Captioned web image data:
# # # # # # #

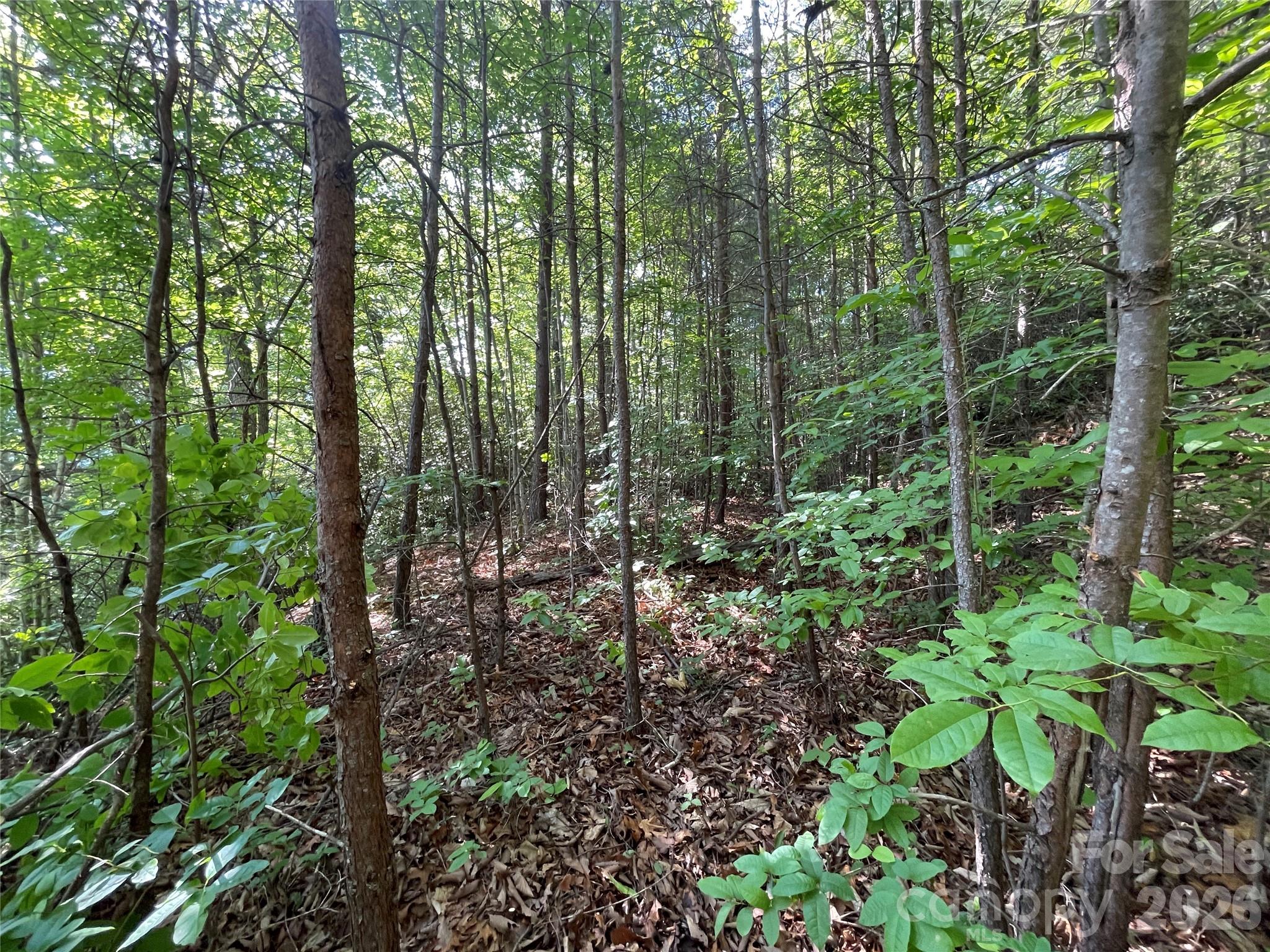 Lot at 225 Lucerne Drive, Canton, photo 30 of 37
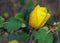 Side view of yellow California Glory flower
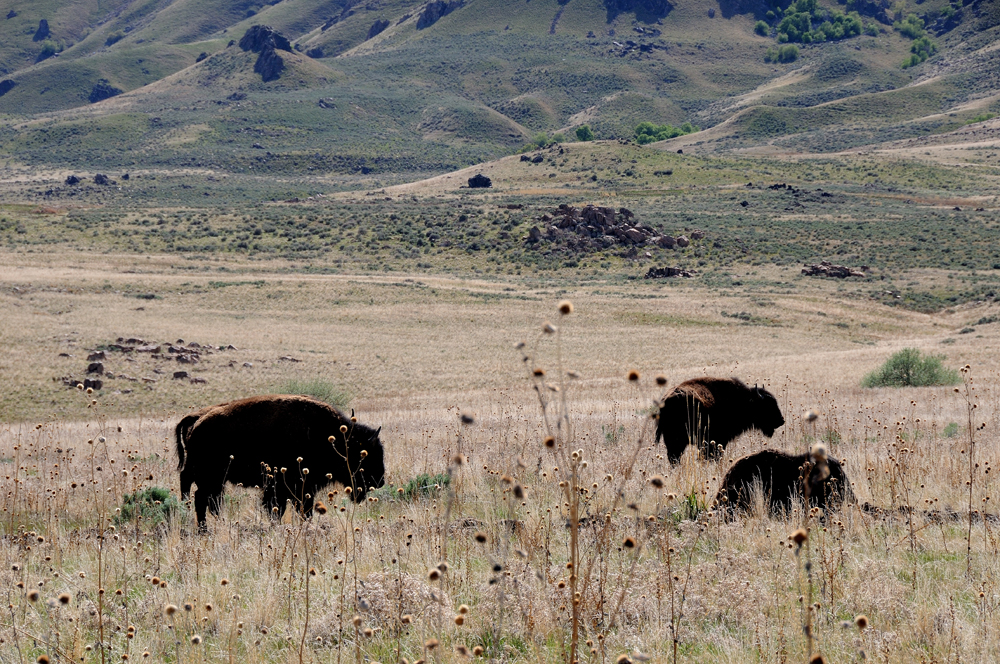 Bisons Antilopes Island Utah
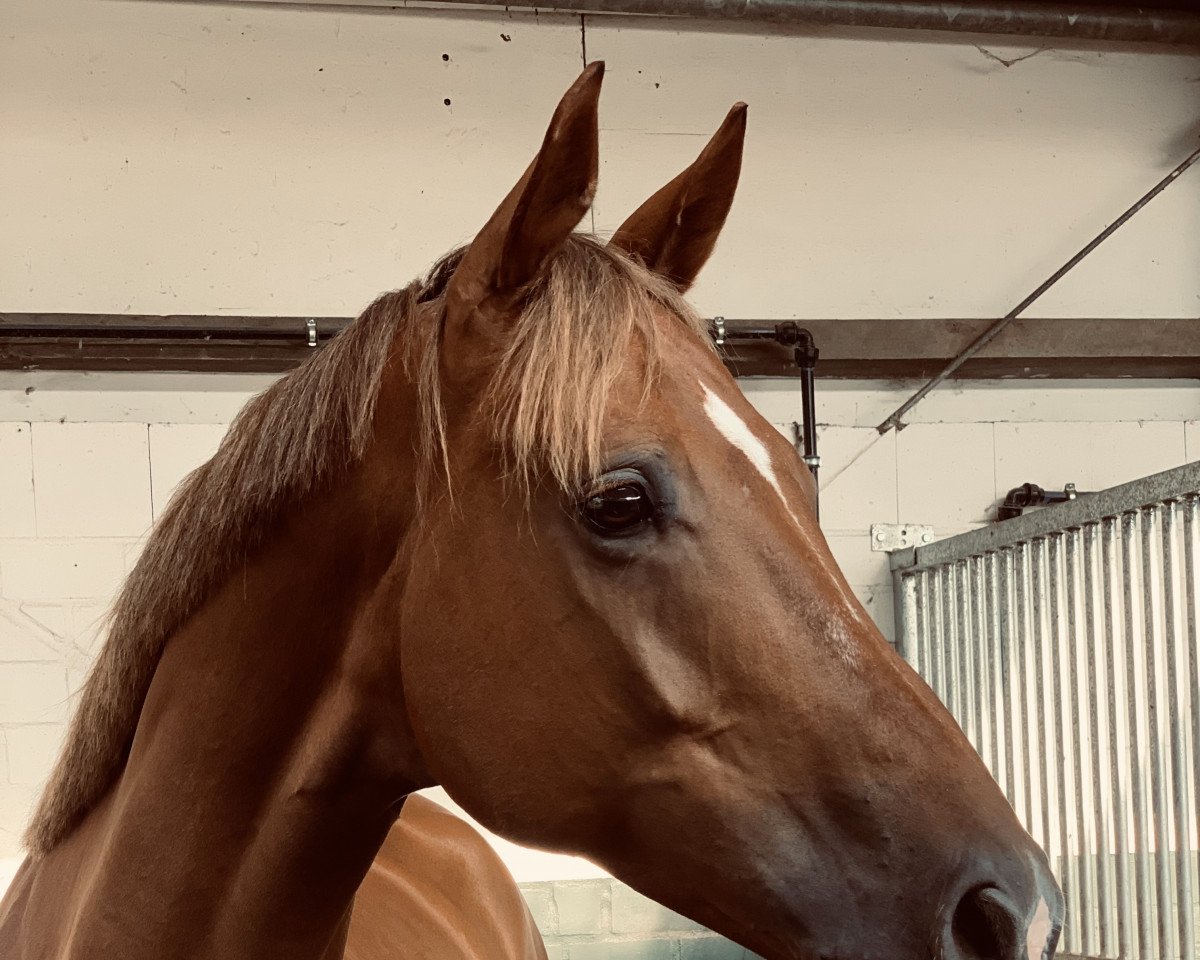 dressage horse Sören (Hanoverian, 2015, from Spörcken)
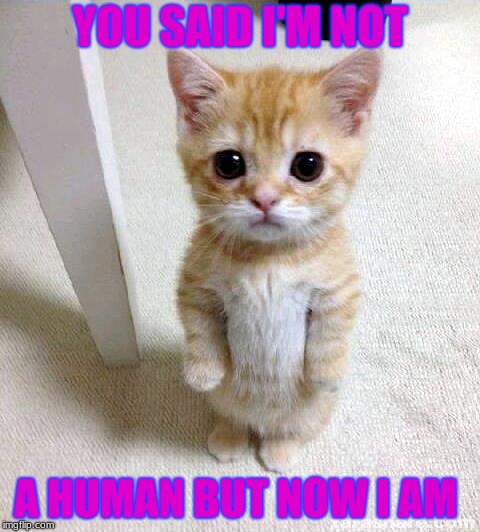 Cute Cat | YOU SAID I'M NOT; A HUMAN BUT NOW I AM | image tagged in memes,cute cat | made w/ Imgflip meme maker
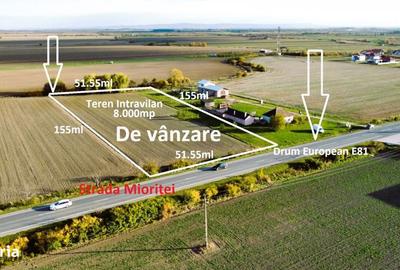 Teren de 8000 mp, în Botiz - 10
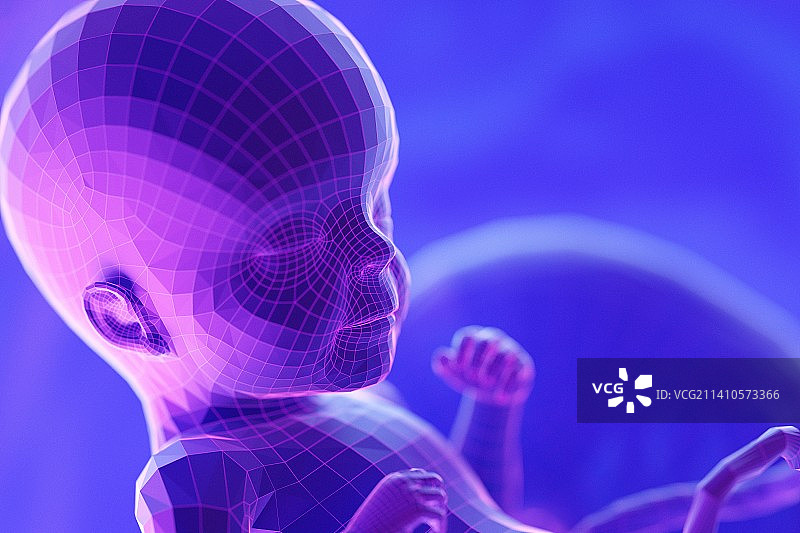 第26周胎儿插图图片素材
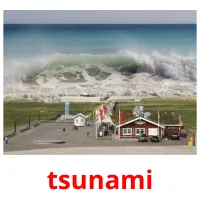 tsunami picture flashcards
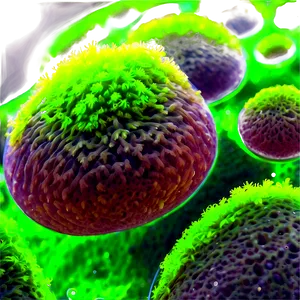 Photosynthetic Algae Close-up PNG Xhx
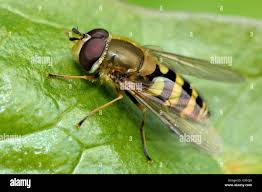 Attēlu rezultāti vaicājumam “Syrphus sp.”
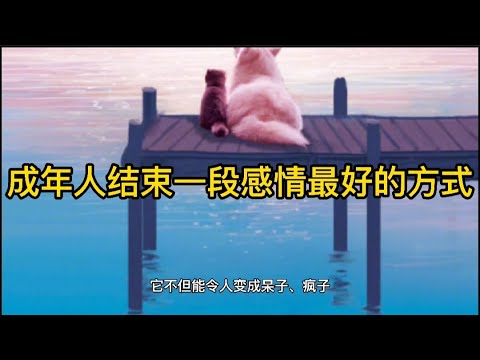 成年人结束一段感情最好的方式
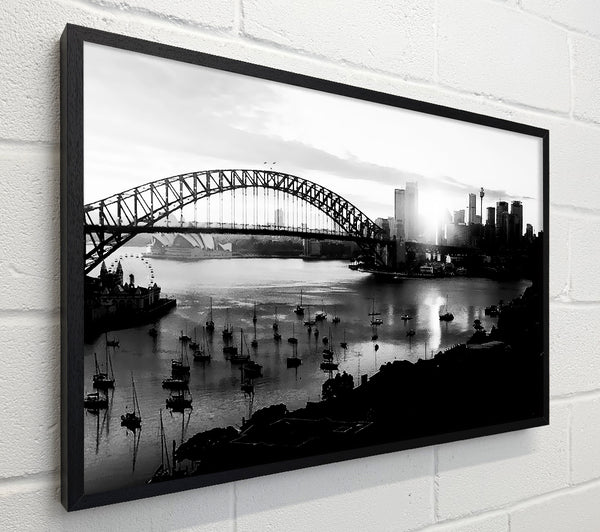 Sydney Harbour Sun Blaze B n W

# # # # # # #

The preceding entries are to be returned verbatim, with every picture excluded.

*ANSWER TO THIS PROBLEM*.
 Lot at 225 Lucerne Drive, Canton, photo 30 of 37
 Side view of yellow California Glory flower
 Bisons Antilopes Island Utah
 dressage horse Sören (Hanoverian, 2015, from Spörcken)
 Cute Cat | YOU SAID I'M NOT; A HUMAN BUT NOW I AM | image tagged in memes,cute cat | made w/ Imgflip meme maker
 Teren de 8000 mp, în Botiz - 10
 第26周胎儿插图图片素材
 tsunami picture flashcards
 Photosynthetic Algae Close-up PNG Xhx
 Attēlu rezultāti vaicājumam “Syrphus sp.”
 成年人结束一段感情最好的方式
 Sydney Harbour Sun Blaze B n W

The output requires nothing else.